- _Activity_:
Only the lines below from the one containing "Detail of waterproof" through the one containing "1046 Wolverton C, Boca" belong in the answer, set down exactly, with the pictures left out.

- _Provided entries_:
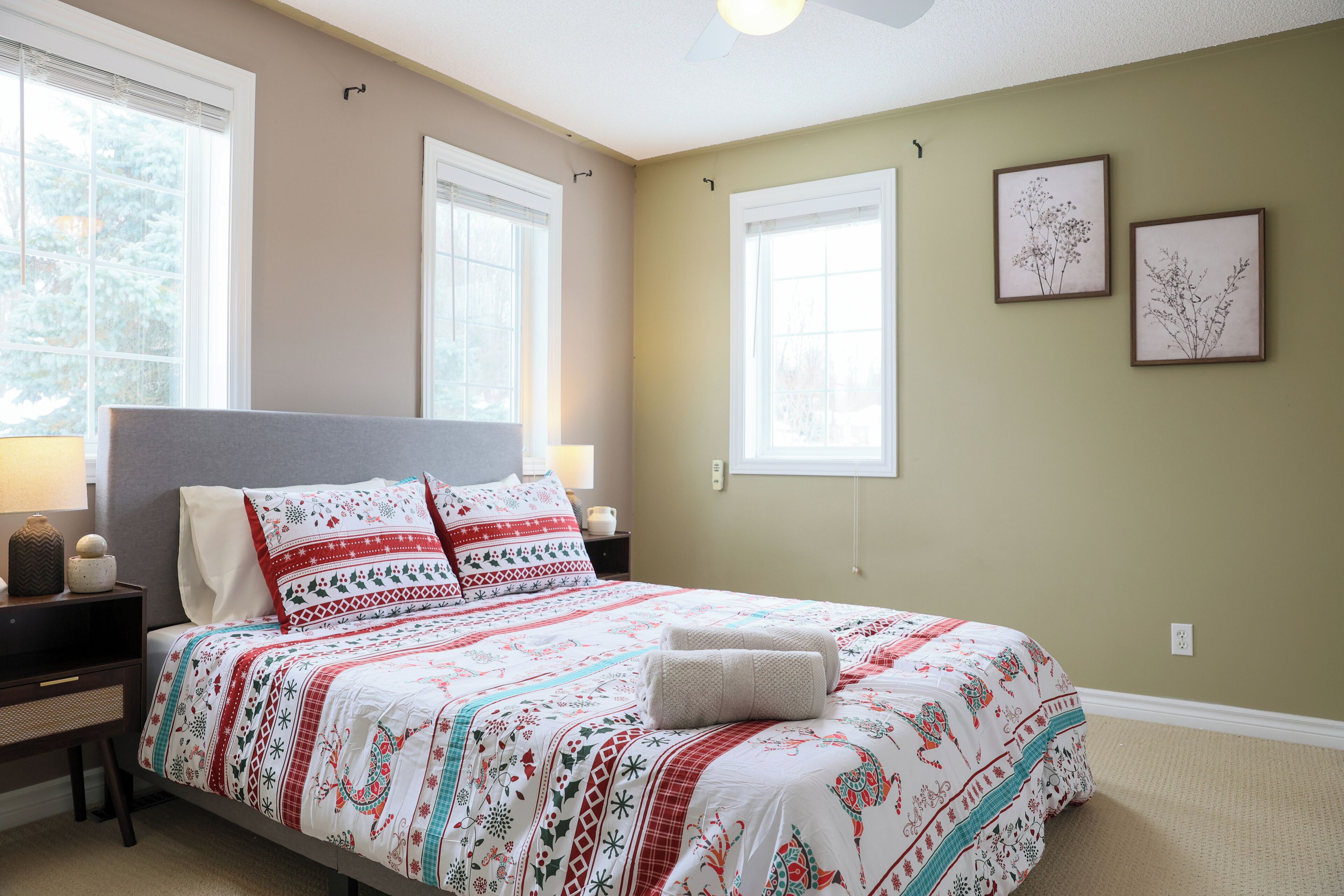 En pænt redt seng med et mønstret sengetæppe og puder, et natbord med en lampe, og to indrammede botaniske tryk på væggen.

* * *

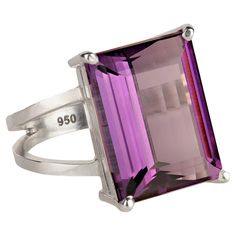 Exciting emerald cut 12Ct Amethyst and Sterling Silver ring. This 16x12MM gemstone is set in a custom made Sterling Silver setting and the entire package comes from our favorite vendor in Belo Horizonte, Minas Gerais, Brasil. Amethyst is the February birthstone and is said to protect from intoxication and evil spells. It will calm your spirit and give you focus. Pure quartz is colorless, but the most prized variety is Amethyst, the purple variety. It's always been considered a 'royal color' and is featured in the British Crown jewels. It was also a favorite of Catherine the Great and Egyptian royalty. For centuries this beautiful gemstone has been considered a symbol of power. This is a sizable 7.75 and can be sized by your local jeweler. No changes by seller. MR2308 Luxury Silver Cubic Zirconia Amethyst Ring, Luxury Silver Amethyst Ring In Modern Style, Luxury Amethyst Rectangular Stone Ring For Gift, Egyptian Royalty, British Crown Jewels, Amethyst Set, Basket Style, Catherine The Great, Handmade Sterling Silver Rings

* * *

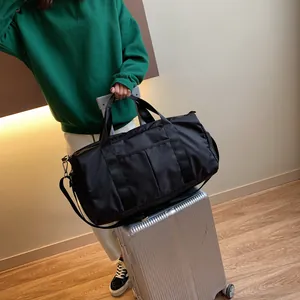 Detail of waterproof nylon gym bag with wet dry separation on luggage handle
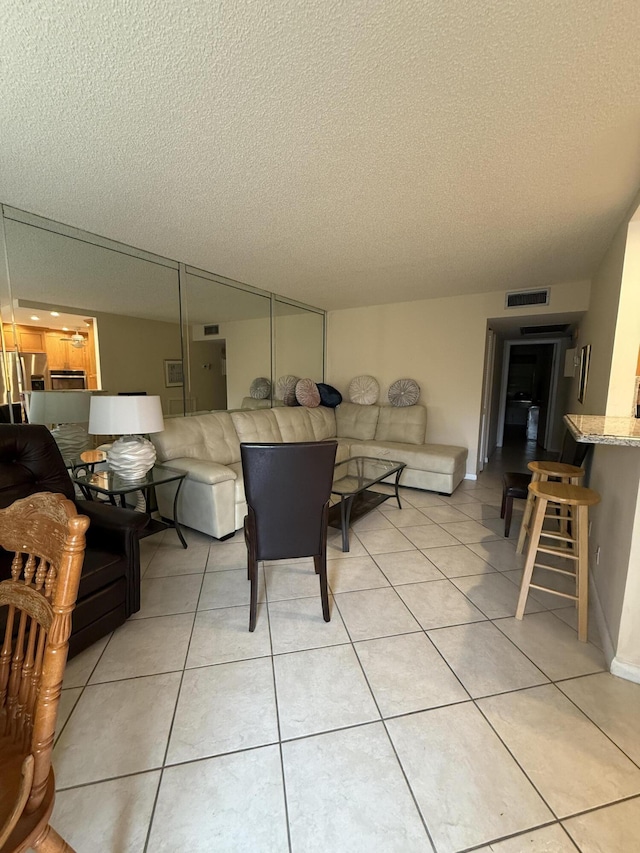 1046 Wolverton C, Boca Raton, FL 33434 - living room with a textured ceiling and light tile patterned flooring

- _Result for this exercise_:
 Detail of waterproof nylon gym bag with wet dry separation on luggage handle
 1046 Wolverton C, Boca Raton, FL 33434 - living room with a textured ceiling and light tile patterned flooring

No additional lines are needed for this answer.